++++ RECORD EXTRACTS

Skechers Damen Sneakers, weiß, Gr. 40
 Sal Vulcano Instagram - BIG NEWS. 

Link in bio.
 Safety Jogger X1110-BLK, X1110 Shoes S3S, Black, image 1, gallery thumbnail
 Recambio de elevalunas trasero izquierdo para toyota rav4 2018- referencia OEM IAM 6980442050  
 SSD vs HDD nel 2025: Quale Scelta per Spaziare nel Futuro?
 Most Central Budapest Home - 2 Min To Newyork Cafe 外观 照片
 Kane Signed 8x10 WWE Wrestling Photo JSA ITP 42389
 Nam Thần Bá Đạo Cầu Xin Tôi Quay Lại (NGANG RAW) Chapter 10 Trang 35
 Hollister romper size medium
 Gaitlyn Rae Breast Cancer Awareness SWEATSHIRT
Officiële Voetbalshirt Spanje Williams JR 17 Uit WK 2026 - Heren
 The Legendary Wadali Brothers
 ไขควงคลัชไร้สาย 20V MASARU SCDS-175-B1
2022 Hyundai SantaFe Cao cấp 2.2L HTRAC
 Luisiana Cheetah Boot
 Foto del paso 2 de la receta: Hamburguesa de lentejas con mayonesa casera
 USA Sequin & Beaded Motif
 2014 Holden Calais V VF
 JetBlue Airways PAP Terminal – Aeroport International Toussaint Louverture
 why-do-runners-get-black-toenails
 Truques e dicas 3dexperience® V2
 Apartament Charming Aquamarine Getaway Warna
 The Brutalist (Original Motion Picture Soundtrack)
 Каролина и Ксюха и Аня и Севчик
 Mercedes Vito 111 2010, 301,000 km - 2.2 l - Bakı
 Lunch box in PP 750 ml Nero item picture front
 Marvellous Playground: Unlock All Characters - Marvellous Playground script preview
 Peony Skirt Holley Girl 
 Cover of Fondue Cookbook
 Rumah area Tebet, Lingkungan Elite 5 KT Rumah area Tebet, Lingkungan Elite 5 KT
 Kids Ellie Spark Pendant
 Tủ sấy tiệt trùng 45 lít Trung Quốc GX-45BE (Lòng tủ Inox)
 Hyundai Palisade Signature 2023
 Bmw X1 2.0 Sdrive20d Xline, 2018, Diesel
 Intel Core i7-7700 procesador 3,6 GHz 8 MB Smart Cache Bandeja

++++++++

* INSTRUCTIONS FOR THE TASK
Your task is to restate every record word for word.

* EXERCISE OUTPUT
Skechers Damen Sneakers, weiß, Gr. 40
 Sal Vulcano Instagram - BIG NEWS. 

Link in bio.
 Safety Jogger X1110-BLK, X1110 Shoes S3S, Black, image 1, gallery thumbnail
 Recambio de elevalunas trasero izquierdo para toyota rav4 2018- referencia OEM IAM 6980442050  
 SSD vs HDD nel 2025: Quale Scelta per Spaziare nel Futuro?
 Most Central Budapest Home - 2 Min To Newyork Cafe 外观 照片
 Kane Signed 8x10 WWE Wrestling Photo JSA ITP 42389
 Nam Thần Bá Đạo Cầu Xin Tôi Quay Lại (NGANG RAW) Chapter 10 Trang 35
 Hollister romper size medium
 Gaitlyn Rae Breast Cancer Awareness SWEATSHIRT
Officiële Voetbalshirt Spanje Williams JR 17 Uit WK 2026 - Heren
 The Legendary Wadali Brothers
 ไขควงคลัชไร้สาย 20V MASARU SCDS-175-B1
2022 Hyundai SantaFe Cao cấp 2.2L HTRAC
 Luisiana Cheetah Boot
 Foto del paso 2 de la receta: Hamburguesa de lentejas con mayonesa casera
 USA Sequin & Beaded Motif
 2014 Holden Calais V VF
 JetBlue Airways PAP Terminal – Aeroport International Toussaint Louverture
 why-do-runners-get-black-toenails
 Truques e dicas 3dexperience® V2
 Apartament Charming Aquamarine Getaway Warna
 The Brutalist (Original Motion Picture Soundtrack)
 Каролина и Ксюха и Аня и Севчик
 Mercedes Vito 111 2010, 301,000 km - 2.2 l - Bakı
 Lunch box in PP 750 ml Nero item picture front
 Marvellous Playground: Unlock All Characters - Marvellous Playground script preview
 Peony Skirt Holley Girl 
 Cover of Fondue Cookbook
 Rumah area Tebet, Lingkungan Elite 5 KT Rumah area Tebet, Lingkungan Elite 5 KT
 Kids Ellie Spark Pendant
 Tủ sấy tiệt trùng 45 lít Trung Quốc GX-45BE (Lòng tủ Inox)
 Hyundai Palisade Signature 2023
 Bmw X1 2.0 Sdrive20d Xline, 2018, Diesel
 Intel Core i7-7700 procesador 3,6 GHz 8 MB Smart Cache Bandeja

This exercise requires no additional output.